THE HAPPY DISHWASHER
Blog article written by Sébastien Sasseville, leadership speaker, author, athlete.
What I’m about to recount took place just before speaking to a group of executives about employee engagement and building strong workplace cultures, unsurprisingly, in connection with current labour shortage issues.
Before giving my speech, I meet a man during the coffee break. He’s a little dishevelled, not very tidy and I would even go so far as to say a bit dirty. He definitely stands out among the delegates in their nice suits. He asks me if I work here, referring to the restaurant we’re in.
“No, I’m here for the conference.”
I’m going to speak to the attendees in a few minutes and I don’t really feel like chatting.
“I see. I do work here. I’m a dishwasher, and I just love my job!”
He’s piqued my interest. Maybe I judged him too quickly. After all, I’m about to give a talk about employee engagement, and he obviously knows a thing or two about that.
“Just out of curiosity, could you tell me why you love your job so much?”
What he says isn’t something that comes from a book about leadership. It’s straight from the heart of the man I now call the happy dishwasher.

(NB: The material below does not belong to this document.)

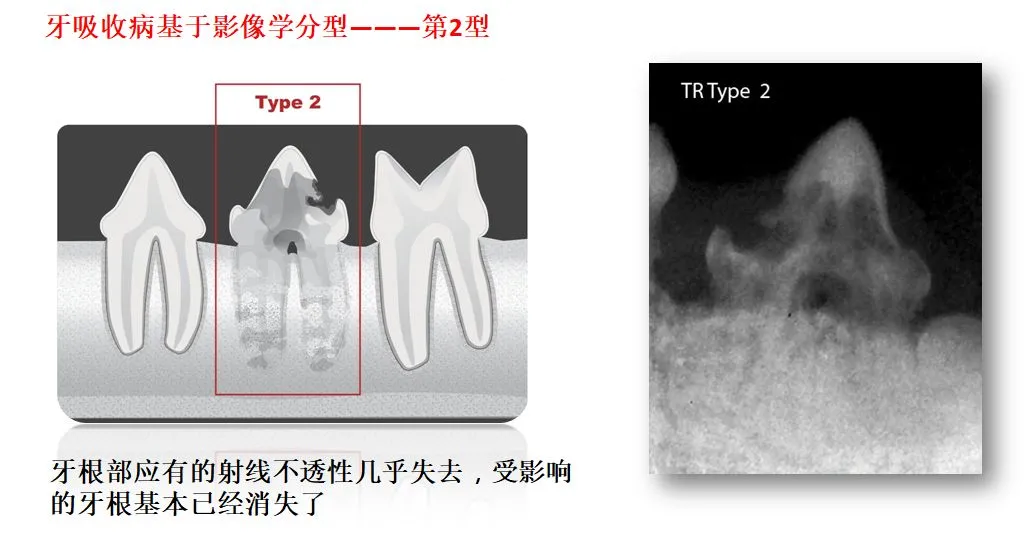 如何区分猫咪是蛀牙还是患牙吸收病？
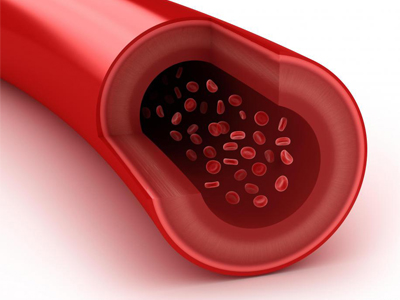Hiperlipidemia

“First, my bosses have a vision. They want to open more restaurants, and they do everything in their power to offer their customers quality products. It’s exciting and I want to be a part of that.”

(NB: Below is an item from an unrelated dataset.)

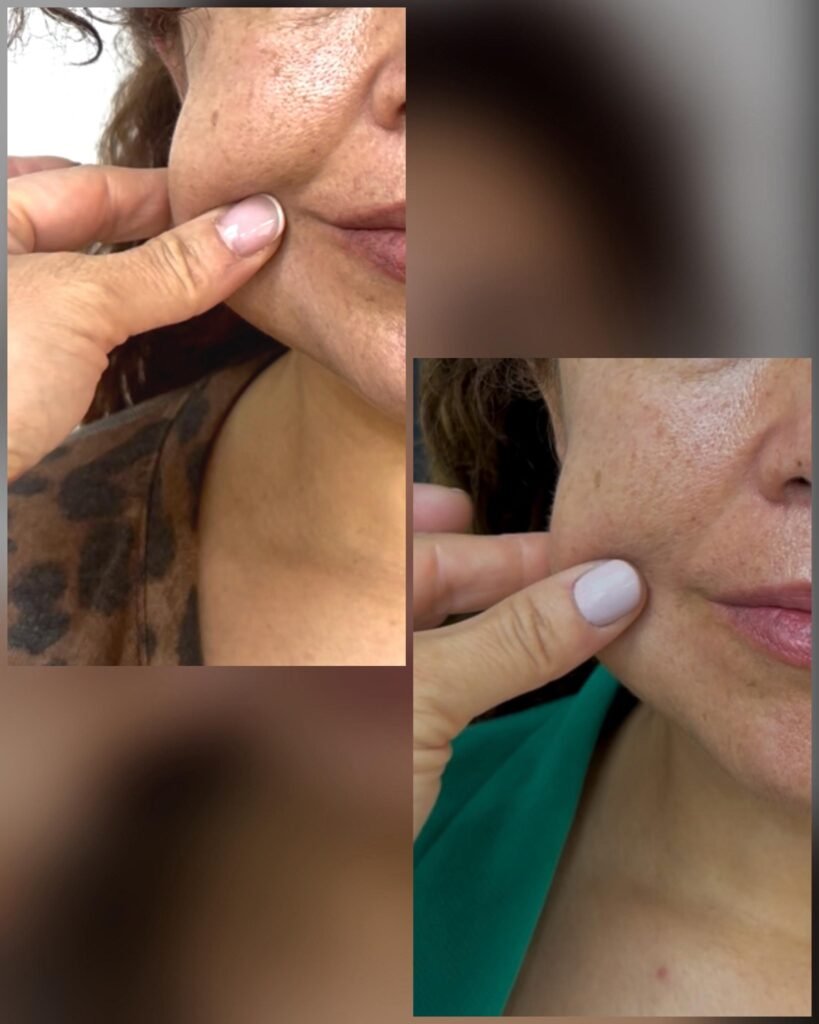 Tratamiento de acido hialuronico en mujer adulta, clínica estética high care beauty en Antofagasta.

“Plus, they give me the tools I need to do my job well. I got a new machine last week and it washes like nobody’s business!”
“And finally, I feel like I’m growing here.”
Listening to him expand further, I learn that he is well-educated, that he had been successful but had lost everything because of some personal demons. For him, this work was one of the many steps in his journey toward personal reconstruction. He wasn’t focused on his past; he was looking at how far he’d come.
And what’s better, he explains that he knows that he is doing more than simply washing dishes. His work makes meals, business meetings and birthdays better.
“What’s the point of delicious food if it’s served on a dirty plate?!”
The happy dishwasher reminds us that having a ping-pong table in the company cafeteria won’t result in satisfied, productive and loyal employees. Having a vision and well-defined values is a must, but many companies have already outlined these two core elements. The key is to ensure that all team members are committed to making that vision a reality.
In more concrete terms, the key is going above and beyond not simply offering a product or service and focusing on the impact your offer will have. Your impact is your mission, it is the timeless “why” question that should be guiding you. It unites people, fosters engagement and is used to attract and retain staff.
For example, you don’t simply sell coffee; you bring people together. You don’t sell financial services; you help parents secure their children’s future. You’re not just selling a marathon; you’re helping build people’s self-confidence.
The ultimate objective is also the biggest challenge: achieving unanimity between the business’ vision/values and the individuals’. And being sure that employees have the desire to achieve their fullest potential working within this vision and these values, rather than simply trading their time for a paycheque.
I thanked my counterpart for taking the time to talk to me (and enlighten me). I was even tempted to bring him on stage with me so he could tell his story to the audience. For whatever reason, I didn’t dare ask him to do so. After the conference, I told my client the story and he told me it would have been a great idea.